Abstract
Statistical inference and information processing of high-dimensional data
often require efficient and accurate estimation of their second-order
statistics. With rapidly changing data, limited processing power and storage at
the acquisition devices, it is desirable to extract the covariance structure
from a single pass over the data and a small number of stored measurements. In
this paper, we explore a quadratic (or rank-one) measurement model which
imposes minimal memory requirements and low computational complexity during the
sampling process, and is shown to be optimal in preserving various
low-dimensional covariance structures.

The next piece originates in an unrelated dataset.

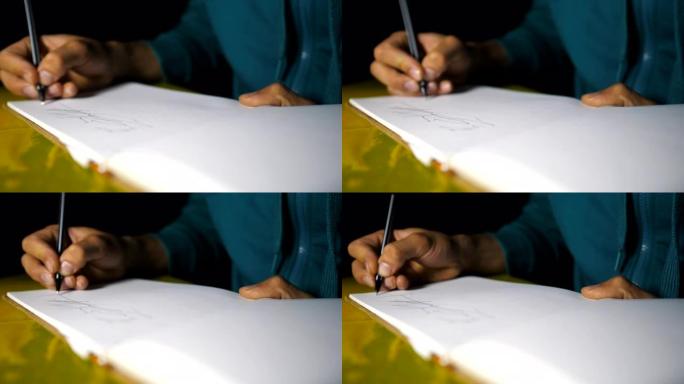 男性手持圆珠笔，在素描本中画出黑线。才华横溢的艺术家的手臂特写在白纸上描绘了美丽的抽象图像。艺术和创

Specifically, four popular structural
assumptions of covariance matrices, namely low rank, Toeplitz low rank,
sparsity, jointly rank-one and sparse structure, are investigated, while
recovery is achieved via convex relaxation paradigms for the respective
structure.
The proposed quadratic sampling framework has a variety of potential
applications including streaming data processing, high-frequency wireless
communication, phase space tomography and phase retrieval in optics, and
non-coherent subspace detection. Our method admits universally accurate
covariance estimation in the absence of noise, as soon as the number of
measurements exceeds the information theoretic limits. We also demonstrate the
robustness of this approach against noise and imperfect structural assumptions.
Our analysis is established upon a novel notion called the mixed-norm
restricted isometry property (RIP-$\ell_2/\ell_1$), as well as the
conventional RIP-$\ell_2/\ell_2$ for near-isotropic and bounded
measurements. In addition, our results improve upon the best-known phase
retrieval (including both dense and sparse signals) guarantees using PhaseLift
with a significantly simpler approach.